Monday, May 28, 2007
Memorial Day: A History
Do Not Stand At My Grave And Weep
Do not stand at my grave and weep,
I am not there, I do not sleep.
I am in a thousand winds that blow;
I am the softly falling snow.
I am the gentle showers of rain;
I am the fields of ripening grain.
I am in the morning hush;
I am in the graceful rush.
Of beautiful birds in circling flight,
I am the starshine of the night.
I am in the flowers that bloom,
I am in a quiet room.
I am the birds that sing,
I am in each lovely thing.
Do not stand at my grave and cry,
I am not there. I do not die.
- Mary Frye (1932)
A Brief History of Memorial Day
It was 1866 and the United States was recovering from the long and bloody Civil War between the North and the South. Surviving soldiers came home, some with missing limbs, and all with stories to tell. Henry Welles, a drugstore owner in Waterloo, New York, heard the stories and had an idea. He suggested that all the shops in town close for one day to honor the soldiers who were killed in the Civil War and were buried in the Waterloo cemetery. On the morning of May 5, the townspeople placed flowers, wreaths and crosses on the graves of the Northern soldiers in the cemetery. At about the same time, Retired Major General Jonathan A. Logan planned another ceremony, this time for the soldiers who survived the war. He led the veterans through town to the cemetery to decorate their comrades' graves with flags. It was not a happy celebration, but a memorial. The townspeople called it Decoration Day.
In Retired Major General Logan's proclamation of Memorial Day, he declared:
"The 30th of May, 1868, is designated for the purpose of strewing with flowers, or otherwise decorating the graves of comrades who died in defense of their country and during the late rebellion, and whose bodies now lie in almost every city, village and hamlet churchyard in the land. In this observance no form of ceremony is prescribed, but posts and comrades will in their own way arrange such fitting services and testimonials of respect as circumstances may permit."
The two ceremonies were joined in 1868, and northern states commemorated the day on May 30. The southern states commemorated their war dead on different days. Children read poems and sang civil war songs and veterans came to school wearing their medals and uniforms to tell students about the Civil War. Then the veterans marched through their home towns followed by the townspeople to the cemetery. They decorated graves and took photographs of soldiers next to American flags. Rifles were shot in the air as a salute to the northern soldiers who had given their lives to keep the United States together.

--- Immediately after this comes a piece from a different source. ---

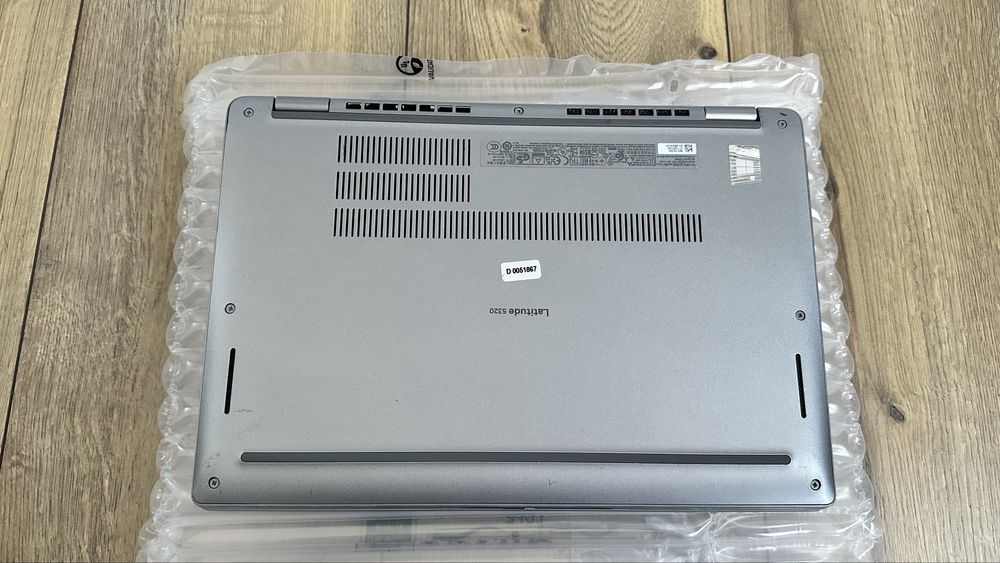Лаптоп Dell Latitude 5320 FHD 13.3” Intel i5-1145G7 16GB RAM 256GB SSD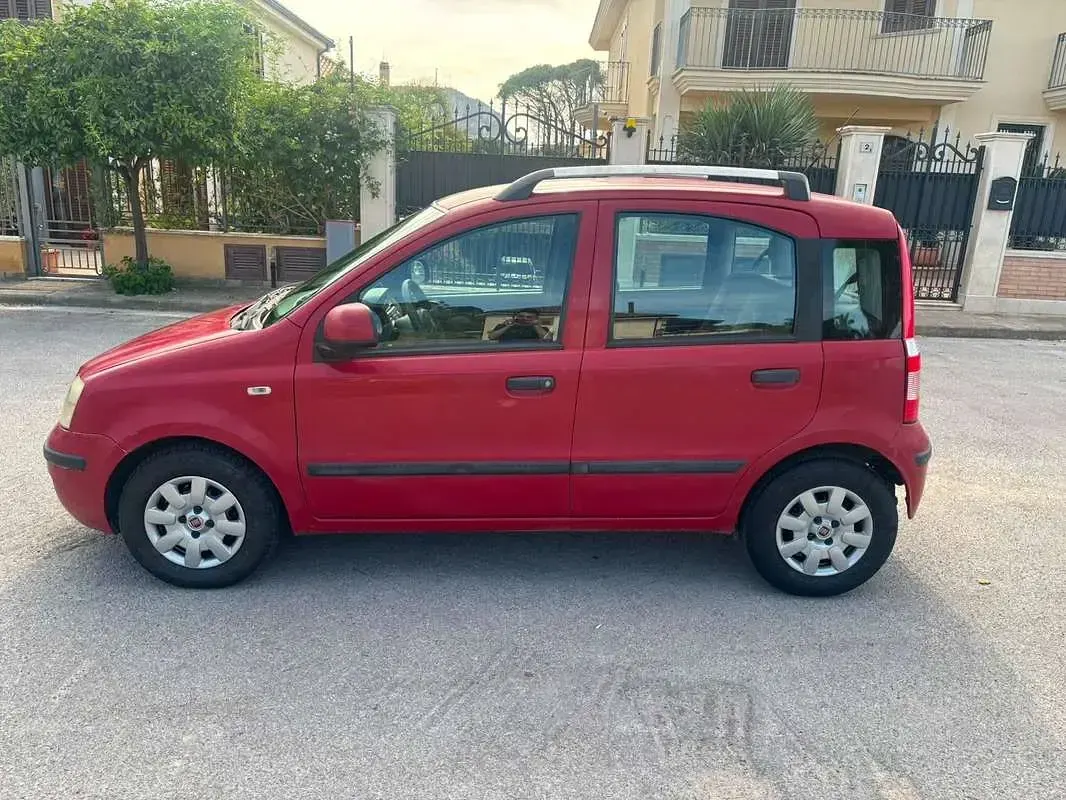Usata Fiat Panda Emotion 69 CV (50 kW) 2010 Rosso Utilitaria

In 1882, the name was changed to Memorial Day and soldiers who had died in previous wars were honored as well. In the northern United States, it was designated a public holiday.

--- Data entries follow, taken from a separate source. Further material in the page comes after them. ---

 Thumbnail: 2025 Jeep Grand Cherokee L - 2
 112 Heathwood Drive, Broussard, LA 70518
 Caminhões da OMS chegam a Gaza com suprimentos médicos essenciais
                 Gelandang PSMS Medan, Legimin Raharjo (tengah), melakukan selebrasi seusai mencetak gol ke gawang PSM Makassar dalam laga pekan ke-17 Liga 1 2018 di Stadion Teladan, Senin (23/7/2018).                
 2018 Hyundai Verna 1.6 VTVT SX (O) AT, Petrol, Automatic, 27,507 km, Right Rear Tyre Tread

President Lyndon Johnson proclaimed Waterloo the birthplace of Memorial Day in 1966, 100 years after the first commemoration. Every May 30, townspeople still walk to the cemeteries and hold memorial services. They decorate the graves with flags and flowers. Then they walk back to the park in the middle of town. In the middle of the park, near a monument dedicated to soldiers, sailors and marines, the Gettysburg address is read, followed by Retired Major General Logan's Order # 11 designating Decoration Day. The village choirs sing patriotic songs. In the evening, school children take part in a parade.

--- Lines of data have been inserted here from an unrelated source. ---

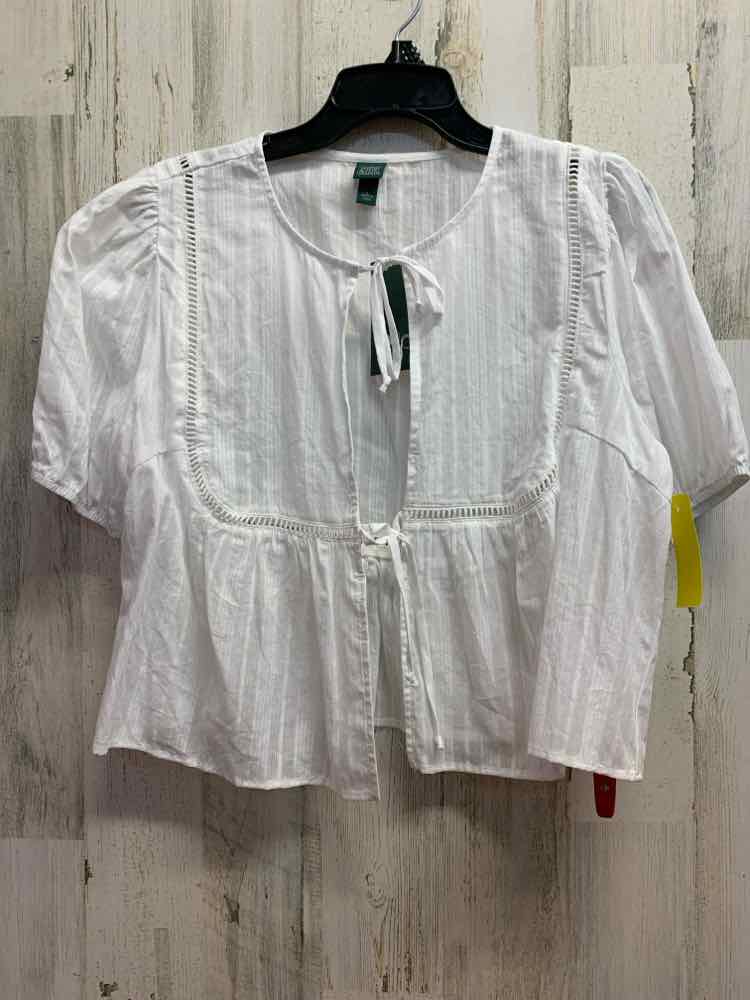NWT WILD FABLE Tops Size L White Solid SHORT SLEEVES Shirt/WHITE SHORT SLEEVE/CR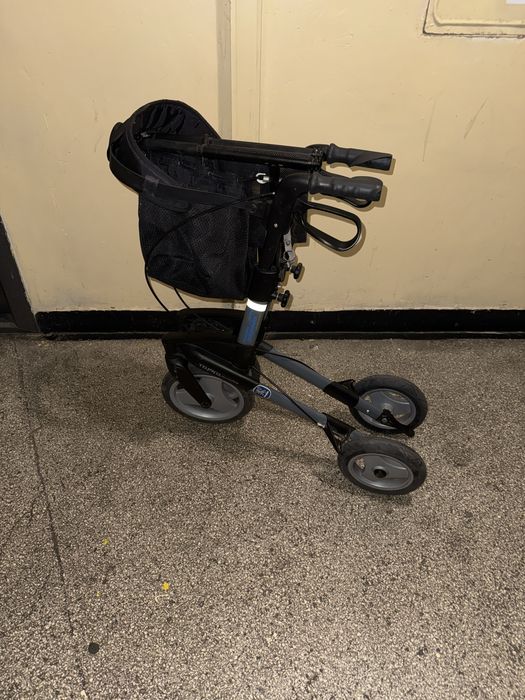 Cadru rulant rollator batrani handicap dizabilitati (ca nou)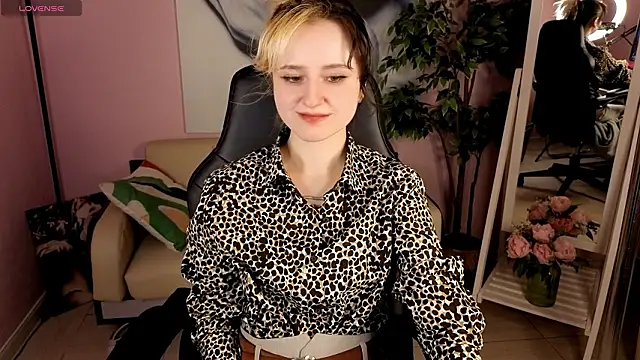 girl next doorr online show from March 2026 01:29:02 PM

In 1971, along with other holidays, President Richard Nixon declared Memorial Day a federal holiday on the last Monday in May.
Cities all around the United States hold their own ceremonies on the last Monday in May to pay respect to the men and women who have died in wars or in the service of their country.
The modern celebration of Memorial Day is similar to the original celebration, but today we have expanded upon the original idea. Today, Memorial Day is a time of the year when people come together to honor their close friends or relatives who have died. It is still very much about honoring America's fallen soldiers, such as in gatherings at places like the Arlington National Cemetery in Arlington, Virginia to visit such moving memorial tributes such as the tomb of the unknown soldier, which represents "everyman" who with bold patriotism laid down their life for this country.
But in addition to this, Memorial Day is about celebrating all people, all of our ancestors and forefathers who have created the world we live in today, who have paved the long road we walk down into the future. It is a day to celebrate and thank all these people who died to create what we have today. Church services, visits to the cemetery, flowers on graves or even silent tribute mark the day with dignity and solemnity. It is a day of reflection.